Arterial expression of the plasminogen activator system early after cardiac transplantation

OBJECTIVES Recent studies suggest that alterations in tissue thrombolysis as well as the inward migration of cells may be specific events that contribute to coronary artery narrowing after cardiac transplantation. Plasminogen activators and inhibitors play a central role in governing not only tissue thrombolysis, but also vascular cell migration. The purpose of this study was to examine arterial wall expression of the plasminogen activation system in coronary arteries during graft vascular disease initiation and progression. METHODS Using in situ hybridization and immunocytochemistry, the expression patterns of uPA and PAI-1 in coronary arteries from cardiac allografts were compared to those of young individuals without disease. RESULTS Both PAI-1 and uPA were over-expressed early after transplantation and as late as 27 months post grafting. Over-expression of these molecules preceded morphological evidence of graft vascular disease. Of special note was the adventitial expression of uPA and PAI-1 in microvessels and myofibroblasts. In contrast, the expression of uPA and PAI-1 in normal coronary arteries was confined to endothelial cells of the central lumen, as well as low levels of expression in intimal and medial smooth muscle cells.

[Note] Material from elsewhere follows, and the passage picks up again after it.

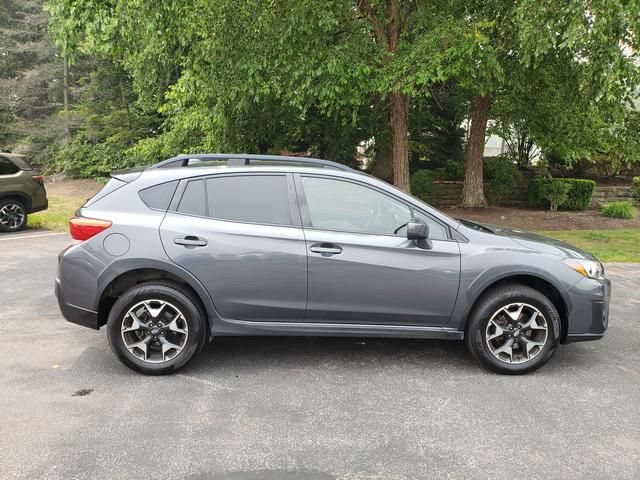 Used 2020 Subaru Crosstrek 2.0i Premium w/ Moonroof Package 1 AWD/4WD image 2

CONCLUSIONS Despite morphologic similarities between normal and transplant coronary arteries, differences were noted in the vascular expression pattern of uPA and PAI-1. The exact role of these molecules in graft vascular disease requires further study; however, it is intriguing to consider that a local imbalance in the plasminogen system may contribute to arterial wall thrombosis and/or excessive cell migration and the genesis of complex vascular lesions.